The afternoon sun was falling.
“We’re not here to bicker,” said the good boy. “We’re here to be tested.”
“Well where is it?”
“…Maybe it was that old crone,” said the good boy. “The one carrying the bundle of sticks on her back? Maybe we were meant to help her.”
“…Or maybe she was a witch. She looked scary as fuck.” The bad boy spat, and lit up a cigarette. (Okay, he did smoke sometimes.)
“Or maybe she was like God or Jesus or Zeus, like, disguised as an old woman,” opined the good boy. “That sort of thing happens all the time. And in failing to help her–”
“–And in failing to help her, in failing to overcome our fear, we also failed the test.
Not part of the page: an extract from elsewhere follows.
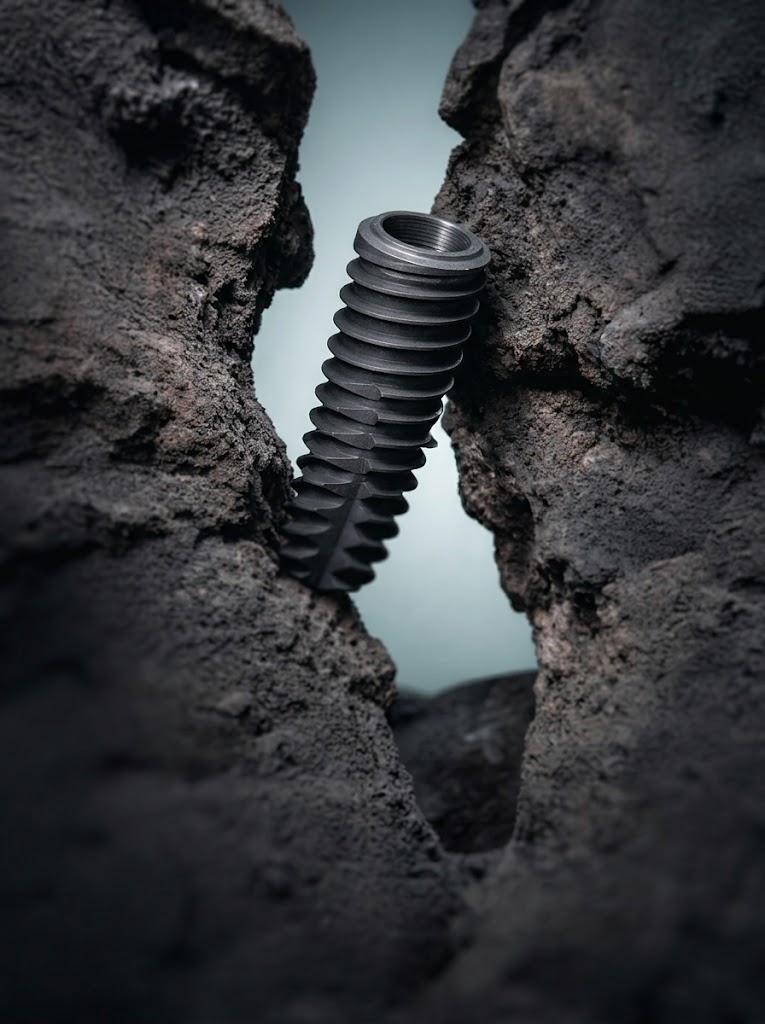 Implant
That sort of thing also happens all the time.”
“…You heard me.”
“Fuck you,” said the good boy suddenly.
“Ah ha! Not so ‘good’ after all.”
“I say what I please.”
“Whatever. And fuck you.” The bad boy stomped out his cigarette.
“No, fuck you.”
…And thus engaged, they continued to argue, the two boys did; as afternoon darkened into actual darkness, and then night, the argument roamed and roamed — covering the nature of good, evil, God, chaos, trees, wolves, beetles, the Devil — the debate roamed and roamed, as the two boys roamed, wandering miles through the forest as they bickered and yelled; until darkness descended into deepest pitch-black night, and they were stranded in the void-like center of the forest. And the next morning, they could not find their way back out into the village again. Nor during the next day, nor the day after that. And so the two boys forever remained in the forest, the puzzle of it, the mirror of it, the forever yawning immensity of it, which was a part of the whole goddamn test all along.